DIRECTIONS → Restate the data word for word. Leave the pictures out.

⟨

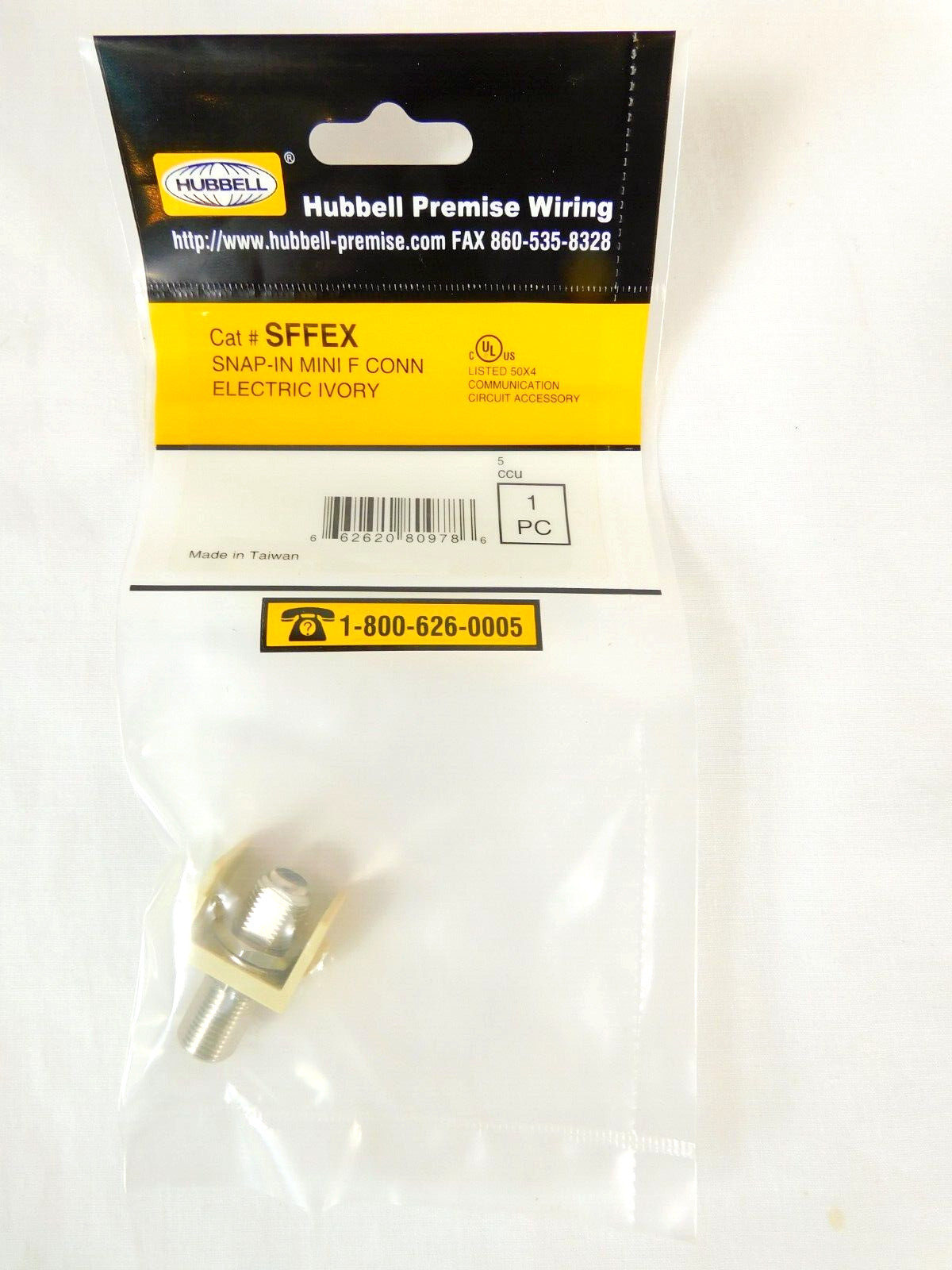 F-Coax Connector Keystone Hubbell Snap-Fit SFFEX - Ivory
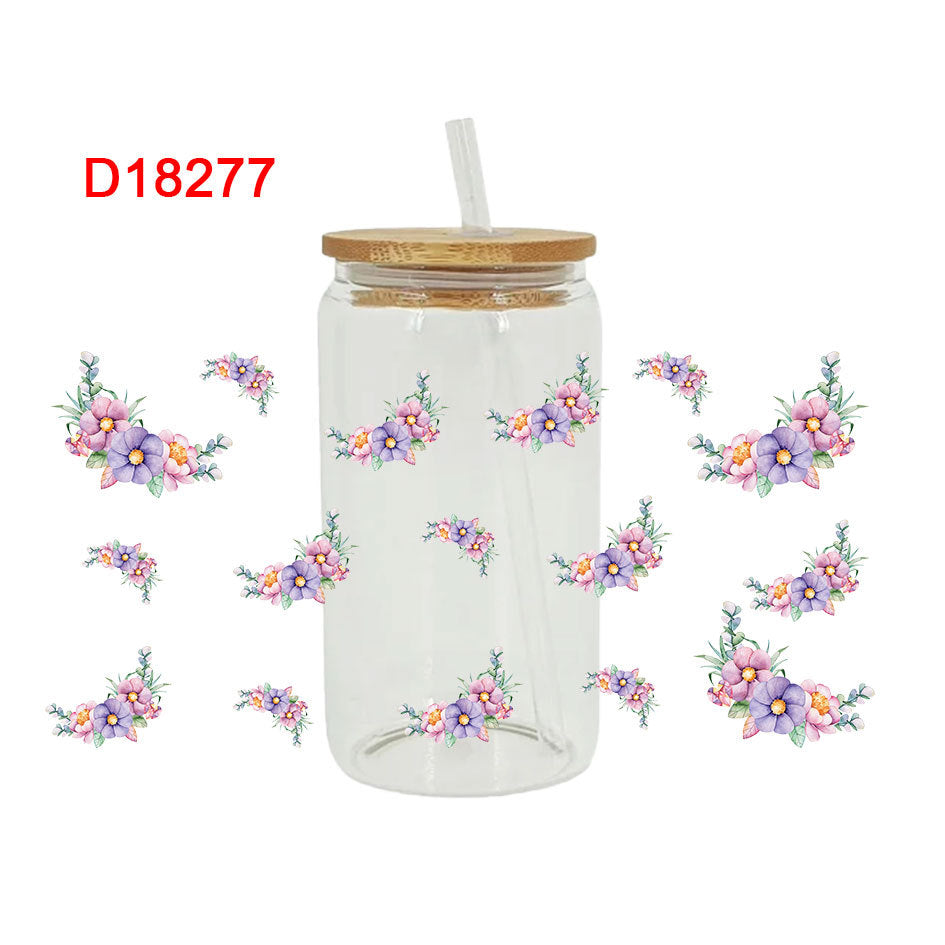 Wholesale Colorful Flowers Tulip Sunflower 16oz Cup UV DTF Wraps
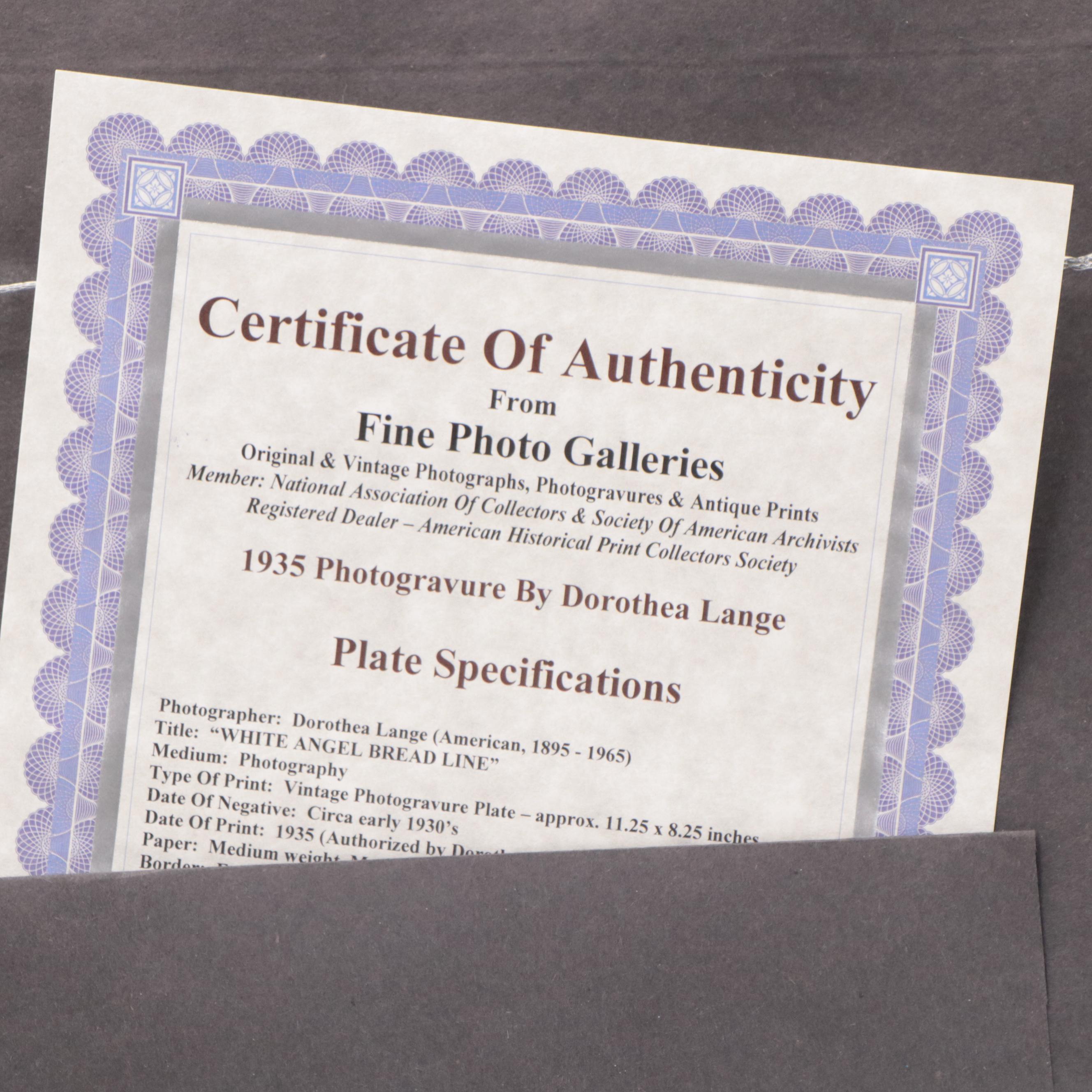 Photogravure of Dorothea Lange's "White Angel Bread Line," 1930s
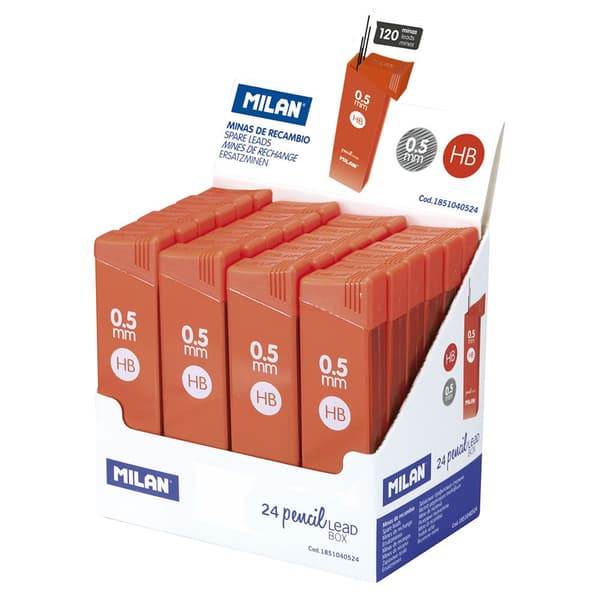 Milan Udstillingsboks 24 0.5 Mm 120 Reservedele Leads 0.5 Mm Transparent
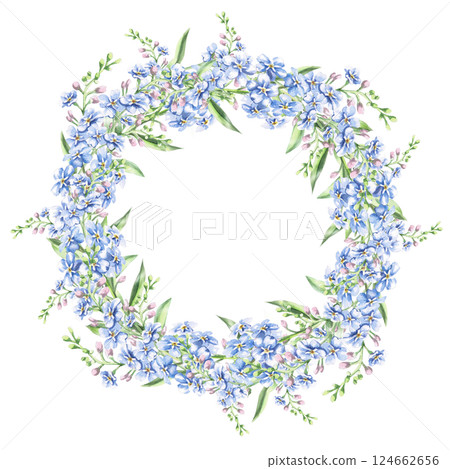 Round frame with forget-me-not flowers. Isolated watercolor illustration of garden flowers for design of cosmetic products, printing on posters, clothes. Round frame with forget-me-not flowers. Isolated watercolor illustration of garden flowers for design of cosmetic products, printing on posters, clothes. 124662656
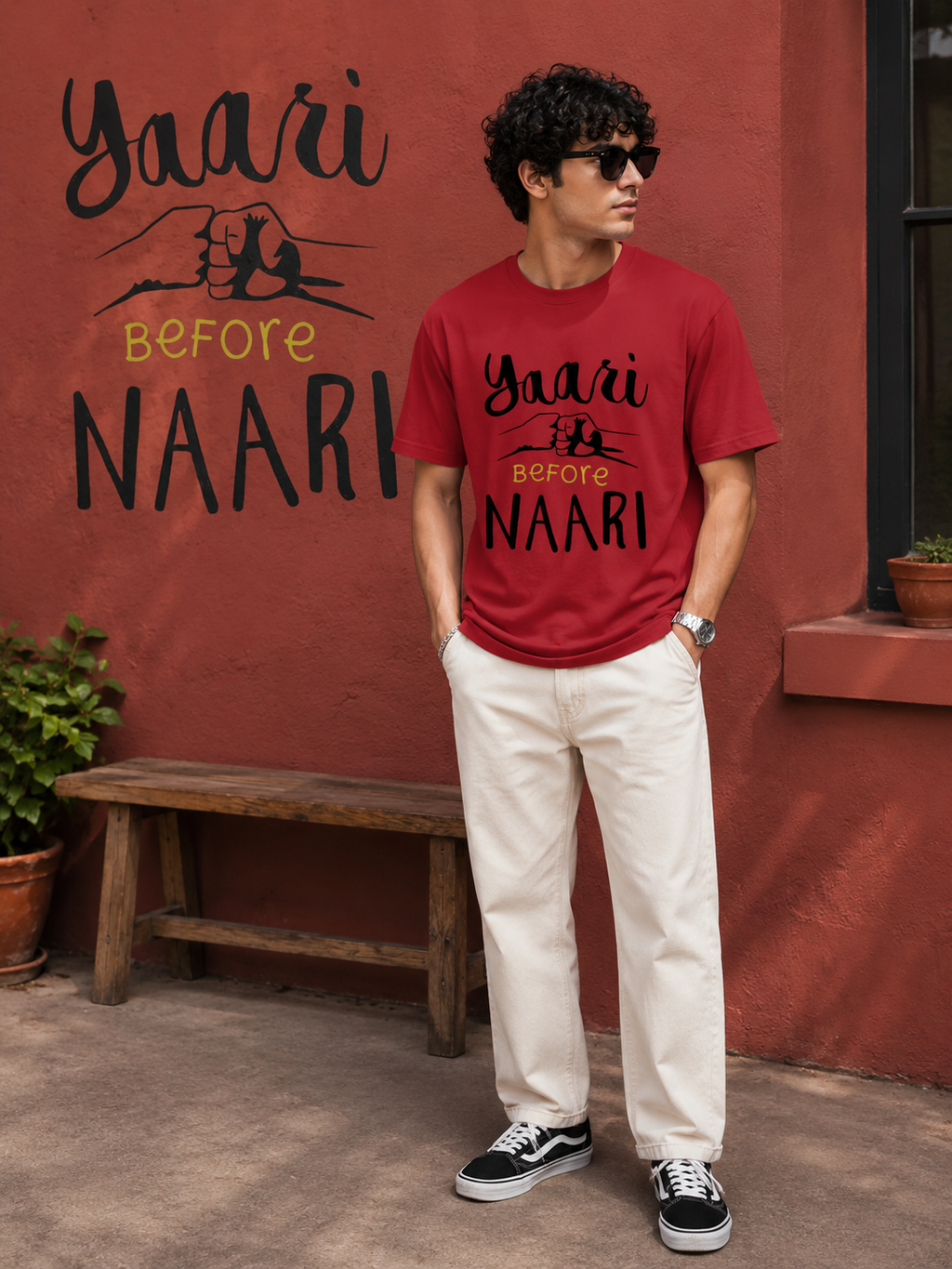 Yaari Before Naari Typography Men Classic Fit T-Shirt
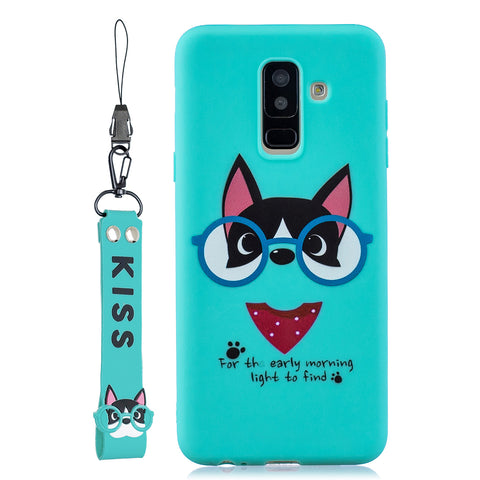 For Samsung A6 plus 2018 Cute Coloured Painted TPU Anti-scratch Non-slip Protective Cover Back Case with Lanyard Light blue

⟩

SOLUTION BELOW →
 F-Coax Connector Keystone Hubbell Snap-Fit SFFEX - Ivory
 Wholesale Colorful Flowers Tulip Sunflower 16oz Cup UV DTF Wraps
 Photogravure of Dorothea Lange's "White Angel Bread Line," 1930s
 Milan Udstillingsboks 24 0.5 Mm 120 Reservedele Leads 0.5 Mm Transparent
 Round frame with forget-me-not flowers. Isolated watercolor illustration of garden flowers for design of cosmetic products, printing on posters, clothes. Round frame with forget-me-not flowers. Isolated watercolor illustration of garden flowers for design of cosmetic products, printing on posters, clothes. 124662656
 Yaari Before Naari Typography Men Classic Fit T-Shirt
 For Samsung A6 plus 2018 Cute Coloured Painted TPU Anti-scratch Non-slip Protective Cover Back Case with Lanyard Light blue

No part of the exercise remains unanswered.